In the best traditions of New Labour, Nichols is a noted Gypsy-baiter, as is Kim McGuinness. Things are relatively quiet on here because my weekly magazine and my thinktank are very much taking shape. But while chasing things up in person, we cripples are allowed the odd pint between buses, and if you know the right pubs, then you might run into one of the 57 Varieties. Famously, none of those ever received The Letter. None has ever set eyes on it to this day. Nor was it ever produced in court, where a "computer reconstruction" of the "lost" document was admitted. Such was life before the Post Office scandal.

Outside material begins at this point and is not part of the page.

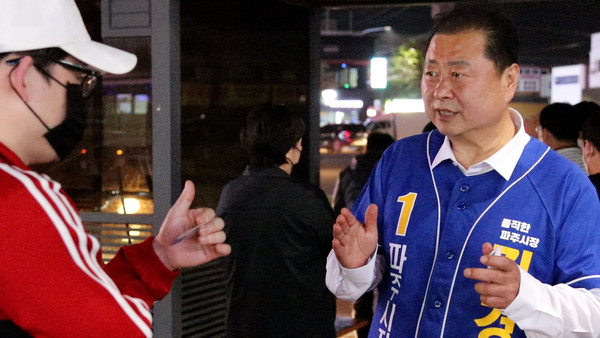 더불어민주당 김경일 파주시장 후보는 공식 선거 첫 날인 19일 0시 금촌역 앞 택시 승강장을 찾아 시민과 택시업계 종사자들의 처우와 제도개선 등의 의견을 청취하고, 표밭을 다졌다. (사진제공=김경일 후보 캠프)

As the beer and whisky flowed in the land where the afternoon met the evening and freelancing crossed over with retirement, my interlocutor casually assumed that "You must be on the Bench by now", requiring me to explain that it was unlikely to be David Lindsay JP for a very long time, if ever. That one had never before occurred to me in 30 years of political activism. Mind you, someone in a position to do so has run an Enhanced DBS check on me to see what happened, and swears that it came back clean. Officially, except in relation to the community liaison work that I did for many years, the Police have never heard of me.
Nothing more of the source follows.